Your goal ▸ Could you copy every line from the material below in which "RESTA" appears?

Exercise data ▸
---
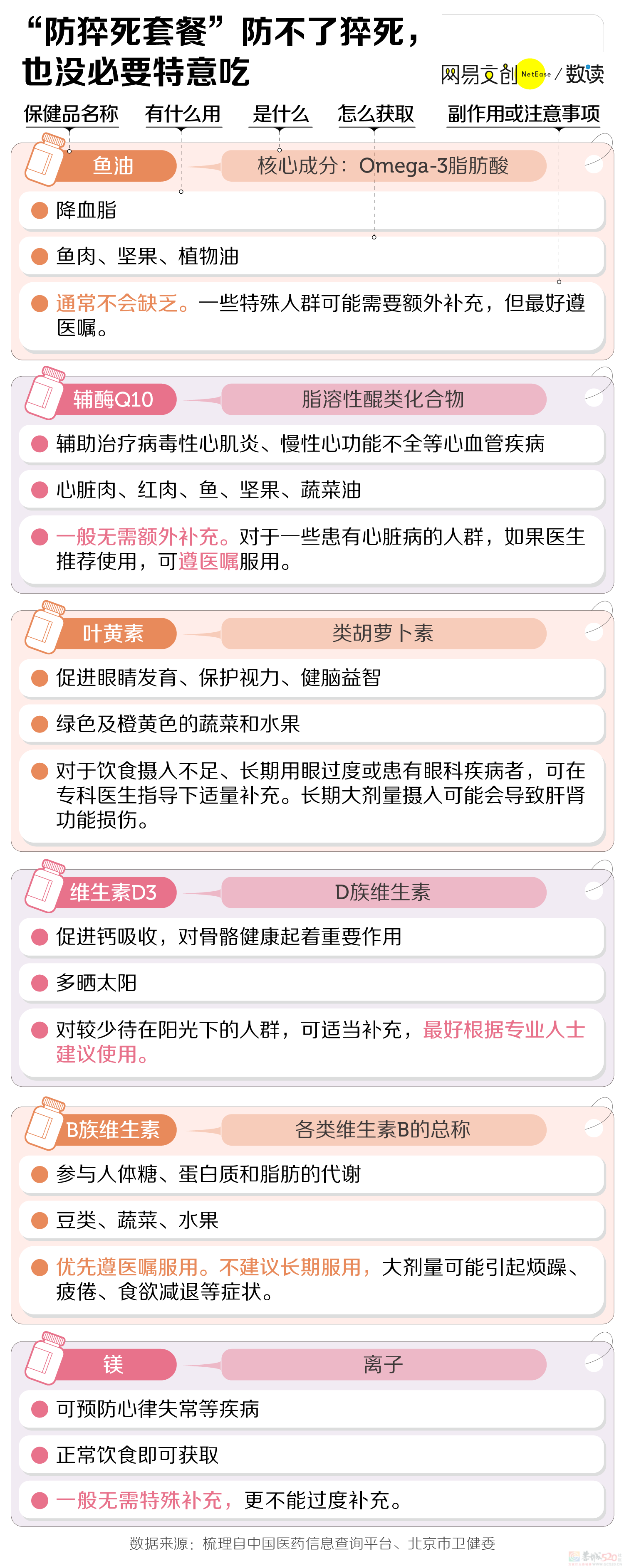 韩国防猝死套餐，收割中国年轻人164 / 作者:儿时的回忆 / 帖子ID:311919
---
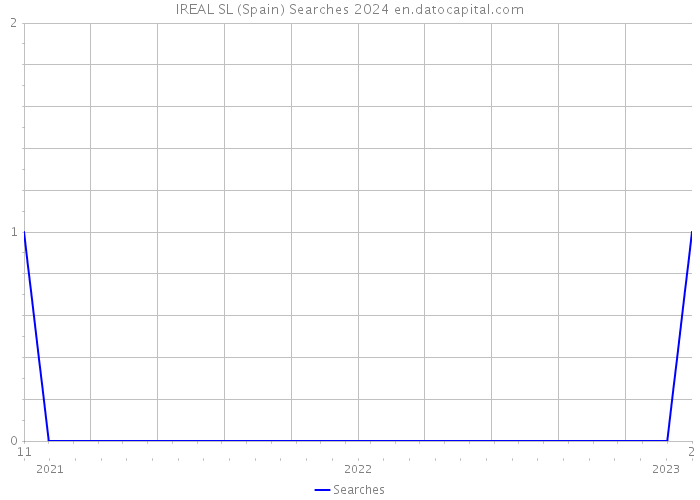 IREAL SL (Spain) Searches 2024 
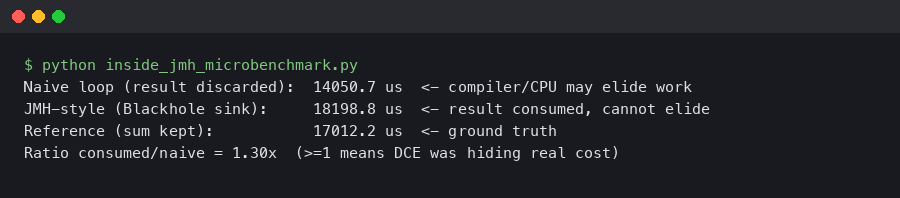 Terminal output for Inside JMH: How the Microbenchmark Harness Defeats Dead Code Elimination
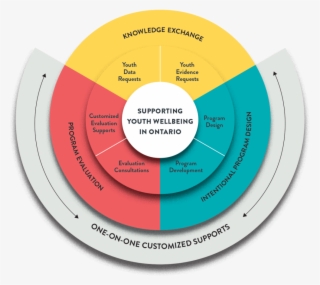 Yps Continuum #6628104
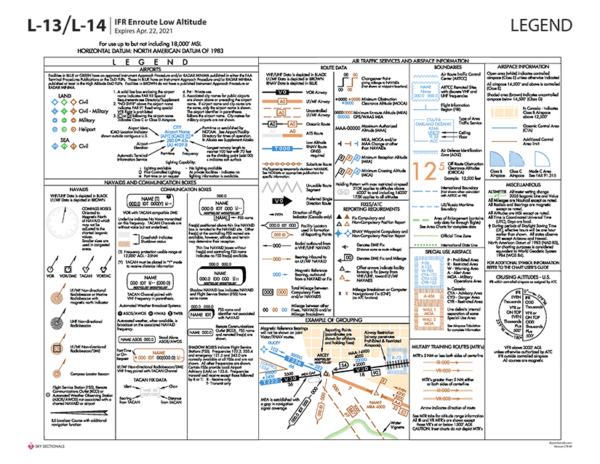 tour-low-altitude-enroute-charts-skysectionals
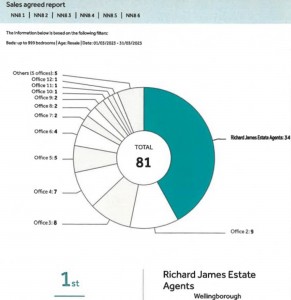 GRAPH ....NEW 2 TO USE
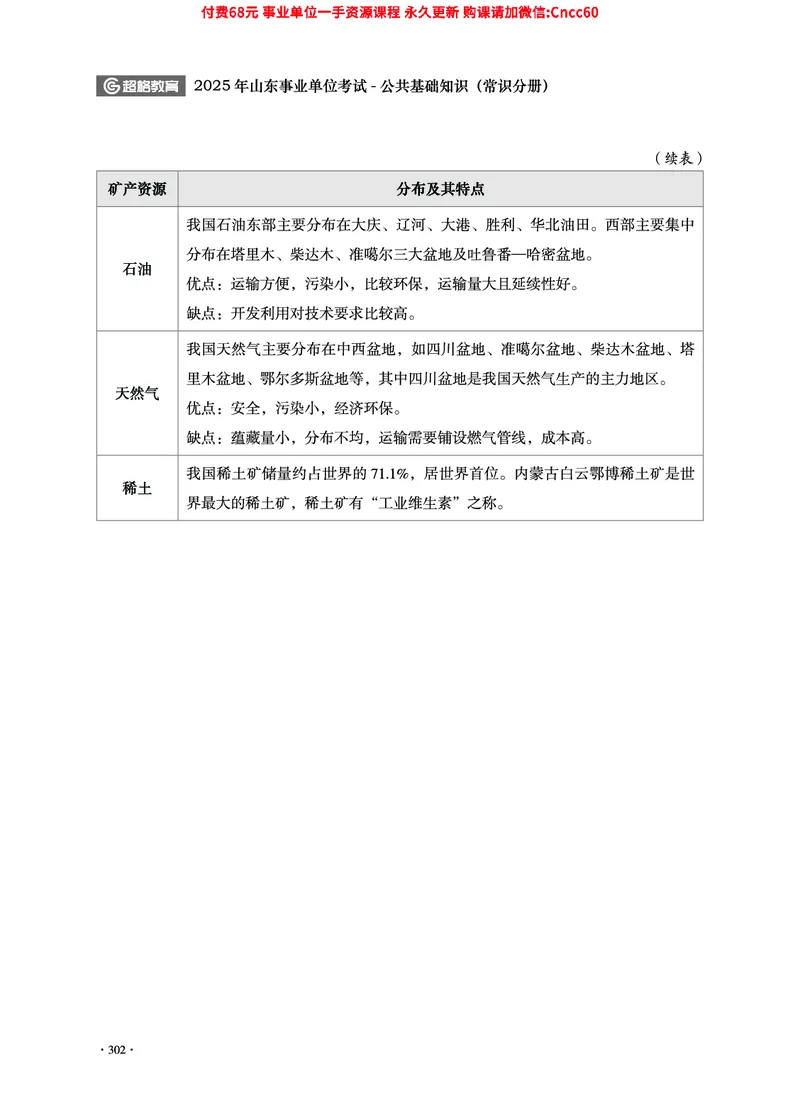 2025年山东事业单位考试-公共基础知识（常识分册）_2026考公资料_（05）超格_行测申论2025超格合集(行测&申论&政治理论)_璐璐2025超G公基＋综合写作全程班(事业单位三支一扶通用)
---
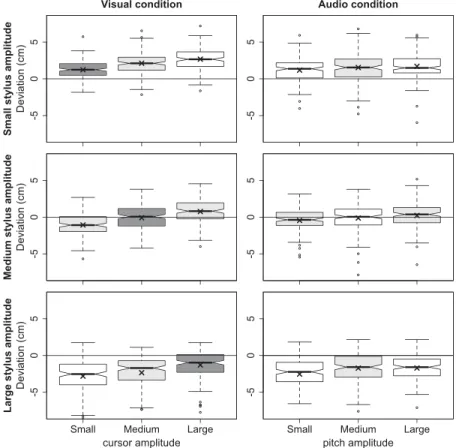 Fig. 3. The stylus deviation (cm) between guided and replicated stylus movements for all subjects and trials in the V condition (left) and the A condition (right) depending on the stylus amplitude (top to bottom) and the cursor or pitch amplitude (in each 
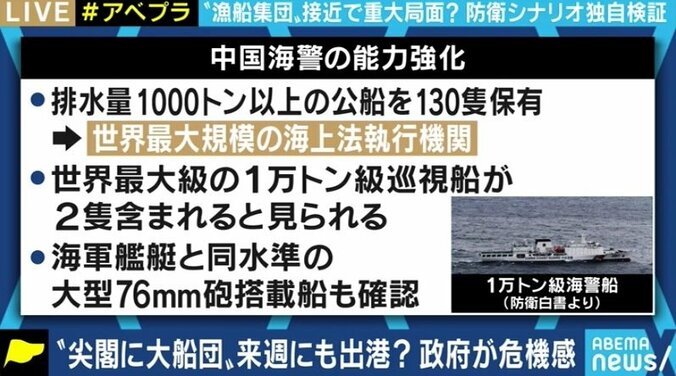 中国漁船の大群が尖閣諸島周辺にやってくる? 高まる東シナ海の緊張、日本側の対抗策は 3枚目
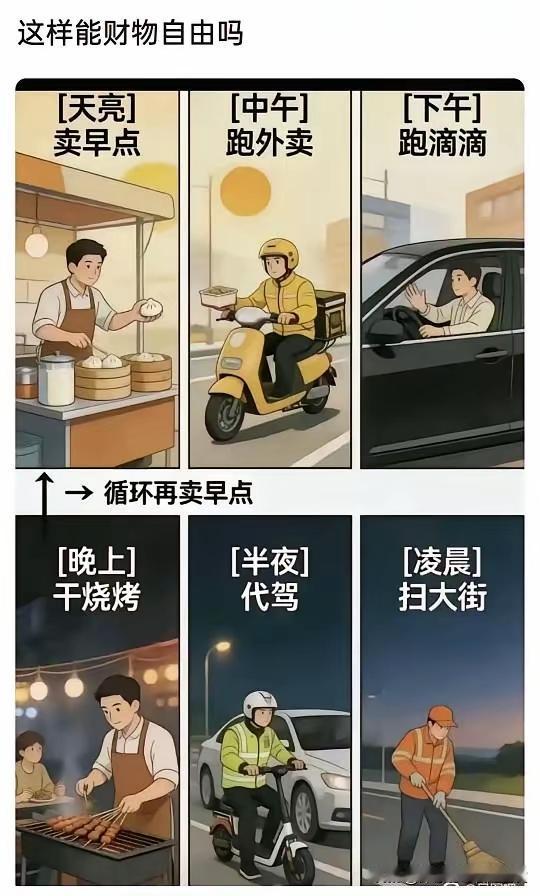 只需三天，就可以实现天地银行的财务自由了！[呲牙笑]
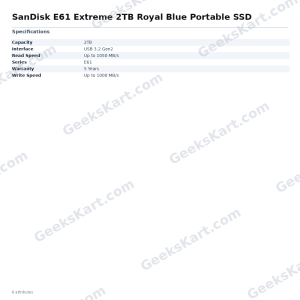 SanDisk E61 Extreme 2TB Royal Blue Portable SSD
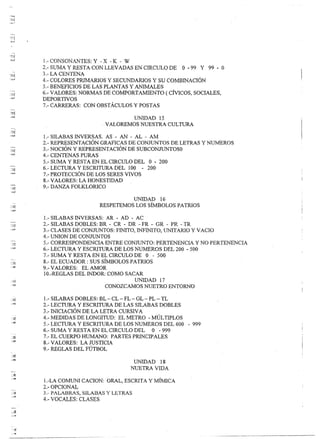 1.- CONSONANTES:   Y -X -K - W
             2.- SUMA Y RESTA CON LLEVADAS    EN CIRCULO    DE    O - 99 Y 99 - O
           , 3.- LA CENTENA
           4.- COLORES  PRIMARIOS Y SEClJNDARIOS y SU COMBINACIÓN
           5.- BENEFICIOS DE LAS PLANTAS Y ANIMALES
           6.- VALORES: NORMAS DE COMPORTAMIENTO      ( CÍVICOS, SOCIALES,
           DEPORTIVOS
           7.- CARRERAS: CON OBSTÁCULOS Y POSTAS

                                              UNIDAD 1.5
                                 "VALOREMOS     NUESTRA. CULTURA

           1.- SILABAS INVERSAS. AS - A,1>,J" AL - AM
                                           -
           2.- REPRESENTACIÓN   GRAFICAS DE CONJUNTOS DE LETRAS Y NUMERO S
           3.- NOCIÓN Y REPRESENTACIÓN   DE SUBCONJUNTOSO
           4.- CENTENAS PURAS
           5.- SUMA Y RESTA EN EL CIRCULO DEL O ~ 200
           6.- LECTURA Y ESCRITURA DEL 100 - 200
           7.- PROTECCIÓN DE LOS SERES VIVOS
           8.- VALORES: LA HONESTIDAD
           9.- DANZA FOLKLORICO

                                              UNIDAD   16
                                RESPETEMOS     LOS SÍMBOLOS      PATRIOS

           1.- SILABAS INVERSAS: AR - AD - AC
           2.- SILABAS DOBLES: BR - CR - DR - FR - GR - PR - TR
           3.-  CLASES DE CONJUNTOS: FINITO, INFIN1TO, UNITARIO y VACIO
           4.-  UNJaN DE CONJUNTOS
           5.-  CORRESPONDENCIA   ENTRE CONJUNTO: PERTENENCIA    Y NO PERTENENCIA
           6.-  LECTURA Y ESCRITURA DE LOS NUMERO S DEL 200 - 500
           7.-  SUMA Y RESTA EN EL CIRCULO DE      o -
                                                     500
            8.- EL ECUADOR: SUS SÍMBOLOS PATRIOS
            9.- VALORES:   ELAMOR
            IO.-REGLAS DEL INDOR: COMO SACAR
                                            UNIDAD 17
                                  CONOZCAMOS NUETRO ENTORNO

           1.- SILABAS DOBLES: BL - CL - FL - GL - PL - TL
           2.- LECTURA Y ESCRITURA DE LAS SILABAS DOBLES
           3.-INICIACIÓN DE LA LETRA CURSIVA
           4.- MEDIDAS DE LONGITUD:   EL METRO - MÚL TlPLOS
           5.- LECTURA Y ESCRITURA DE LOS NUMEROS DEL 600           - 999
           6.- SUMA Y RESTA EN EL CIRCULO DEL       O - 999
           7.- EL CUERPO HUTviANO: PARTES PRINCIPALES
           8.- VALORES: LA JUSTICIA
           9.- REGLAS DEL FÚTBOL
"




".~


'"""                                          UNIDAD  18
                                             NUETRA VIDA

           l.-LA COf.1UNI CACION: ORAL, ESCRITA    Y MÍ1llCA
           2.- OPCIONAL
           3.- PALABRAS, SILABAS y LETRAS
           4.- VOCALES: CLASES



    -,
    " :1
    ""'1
---
Reply ▸
             2.- SUMA Y RESTA CON LLEVADAS    EN CIRCULO    DE    O - 99 Y 99 - O
           5.- SUMA Y RESTA EN EL CIRCULO DEL O ~ 200
           7.-  SUMA Y RESTA EN EL CIRCULO DE      o -
           6.- SUMA Y RESTA EN EL CIRCULO DEL       O - 999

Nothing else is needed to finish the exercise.